= Utthara Nayar =

Cancer researcher

Utthara Nayar is a cancer researcher based in Boston, Massachusetts. Her work focuses specifically on breast cancer.

== Biography ==
Nayar lived in the country of Oman during her childhood. She was encouraged to participate in science, with her passion being in biology and physics.

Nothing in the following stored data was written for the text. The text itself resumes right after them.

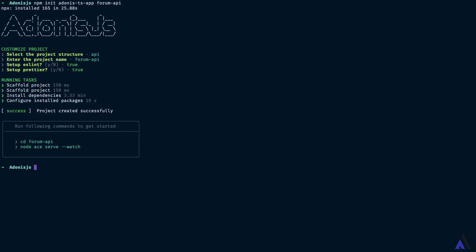The project has been created successfully. Now we can cd into it and I will open it in my code editor.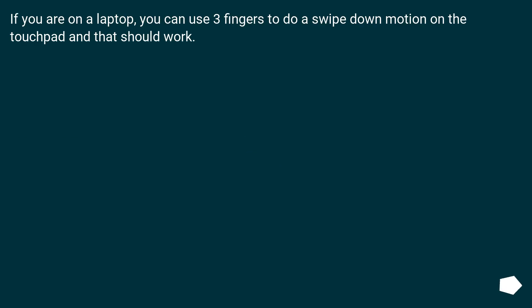If you are on a laptop, you can use three fingers to do a swipe down motion on the touchpad and that should work.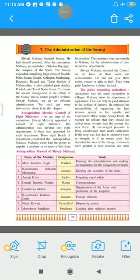Ashtha Pradhan Mandal — that is the council of eight ministers. Mandal means a group of people joining in a place. Ashtha means eight, and Pradhan means ministers. So the Ashtha Pradhan Mandal is a council of eight ministers. At the time of his coronation, Shivaji Maharaj appointed a council of eight ministers.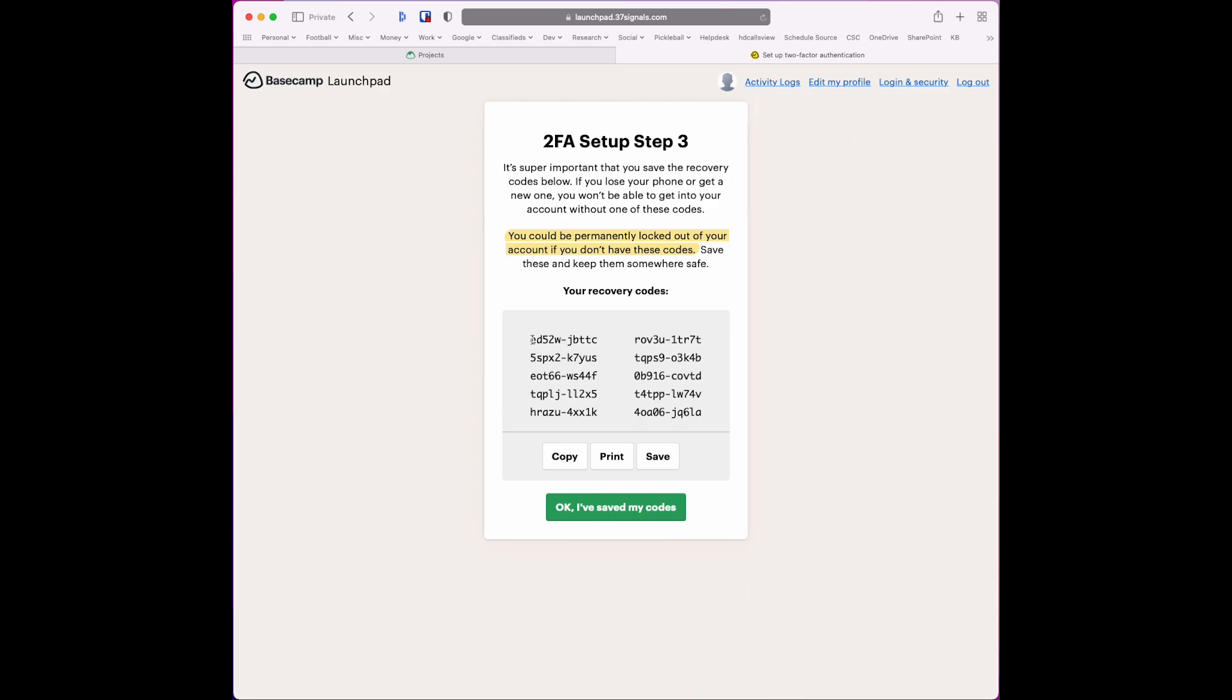You're going to want to save these recovery codes to something. I usually put them in a protected Bitwarden note, but make sure you save these.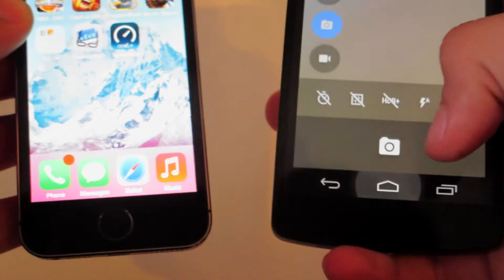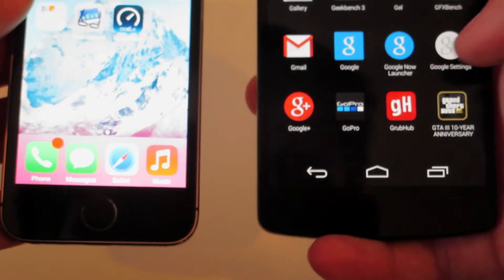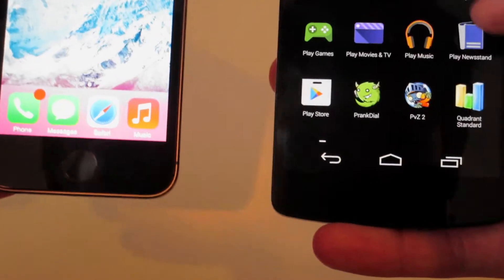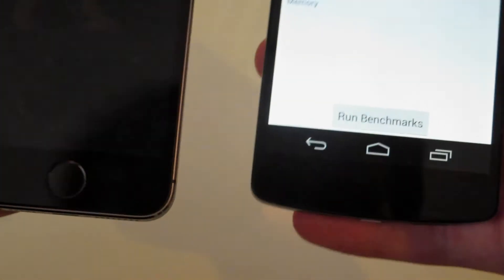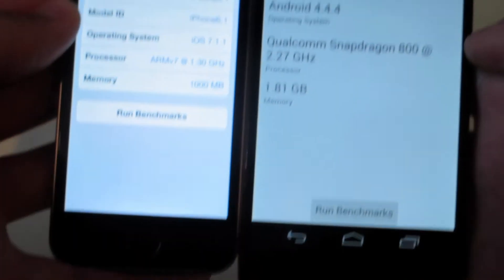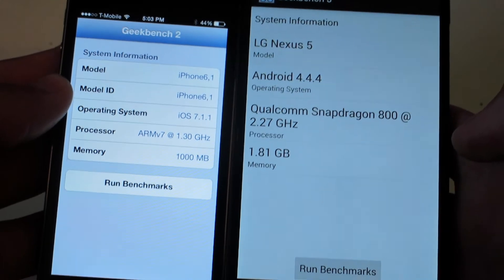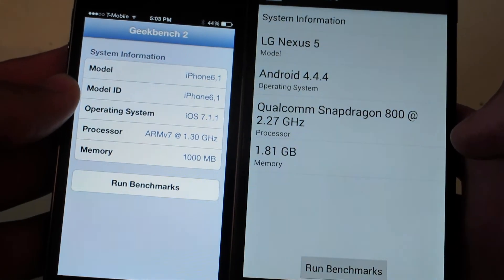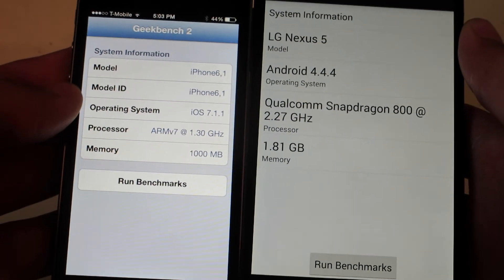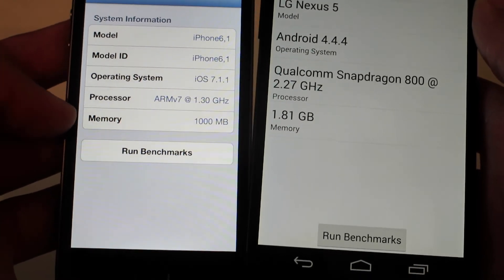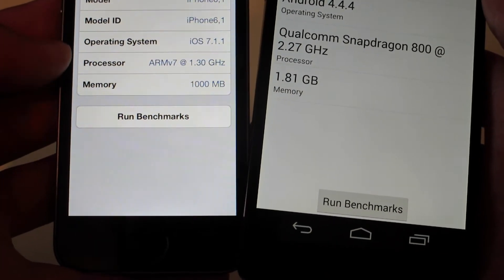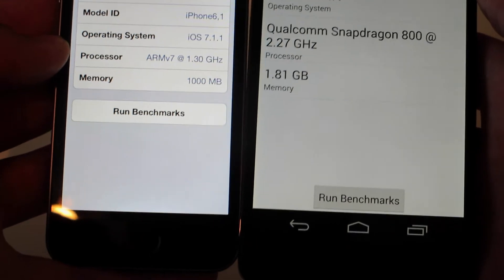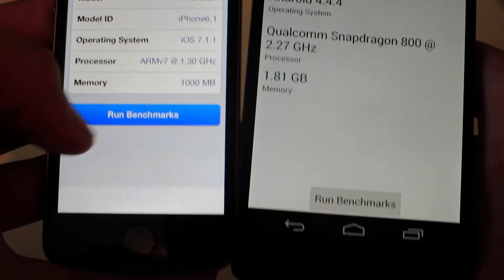Now we're going to do a Geekbench comparison. One thing to note is that the iPhone 5s is running Geekbench 2 while the Nexus 5 is on Geekbench 3, so the scores may not be perfectly comparable. The Nexus 5 shows a Snapdragon 800 at 2.3 gigahertz with 1.8 gigabytes of RAM available running Android 4.4, and the iPhone 5s shows an Apple A7 processor clocked at 1.3 gigahertz.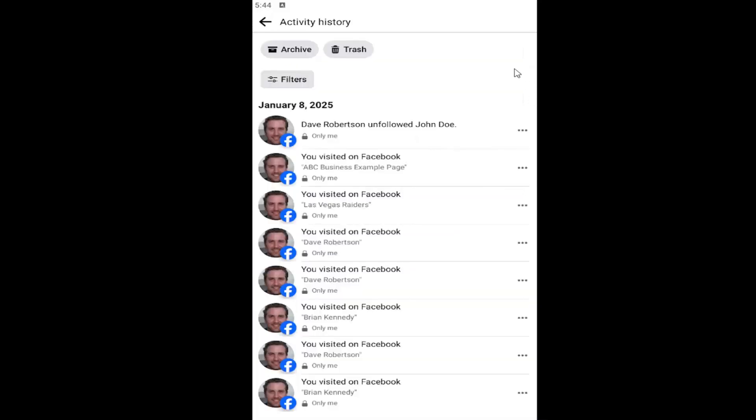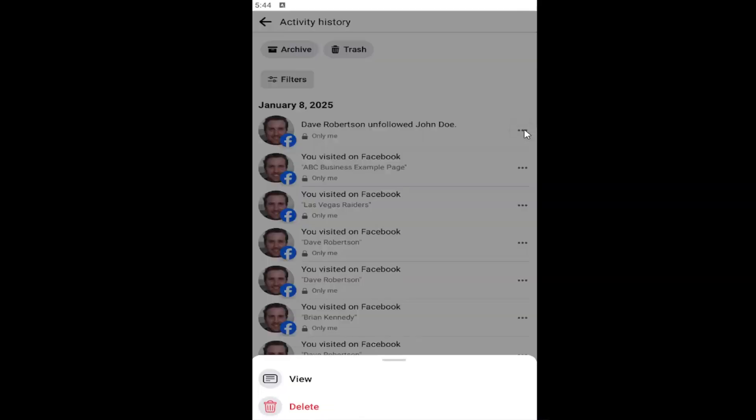For the items you want to delete, select the little three dotted icon next to it. Select the delete button at the bottom and then you should be good to go.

For her undergraduate degree Nayar attended the University of Wisconsin-Madison as a part of their biology Honors Program with a major in biology. She earned her doctorate through Weill Cornell Medical College. She is employed at Dana-Farber Cancer Institute as a researcher in the lab of Nikhil Wagle. She is also a member of a team at Harvard Medical School as a research affiliate.

== Research ==
At the Dana-Farber Cancer Institute, Nayar and her team have been investigating metastatic breast cancer and how hormones affect patient treatment. For some forms of breast cancer a patient is ER positive, or estrogen receptor positive, meaning that tumors grow as the levels of estrogen in the body increase. For this type of breast cancer, patients quickly become resistant to the treatment methods available and their bodies stop responding to any medical help they receive, seemingly without any connection. However, Nayar and her team found a link in patients who became resistant to ER positive treatment- many had HER-2 gene mutations. This possible discovery has spurred on a five-year phase 2 trial by Nayar and her team, investigating the connection between ER positive treatment rejection and the HER-2 gene.

== Publications ==

Journal Publications
| Year | Publication |
|---|---|
| 2013 | Nayar, U., Pin Lu, Goldstein, R. L., Vider, J., Ballon, G., Rodina, A., ... Cesarman, E. (2013). Targeting the Hsp90-associated viral oncoproteome in gammaherpesvirus-associated malignancies. Blood, 122(16), 2837–2847. https://doi.org/10.1182/blood-2013-01-479972 |
| 2017 | Nayar, U., Sadek, J., Reichel, J., Hernandez-Hopkins, D., Akar, G., Barelli, P. J., ... Cesarman, E. (2017). Identification of a nucleoside analog active against adenosine kinase-expressing plasma cell malignancies. Journal of Clinical Investigation, 127(6), 2066–2080. https://doi.org/10.1172/JCI83936 |

== Awards and recognition ==
In 2012 while at Cornell, Nayar was awarded the AACR-Aflac, Inc. Scholar-in-Training Award.

In 2018 while working at the Dana-Farber Cancer Institute, Nayar was awarded the 2018 Women In Cancer Research Scholar Award by the American Association for Cancer Research for her work with breast cancer.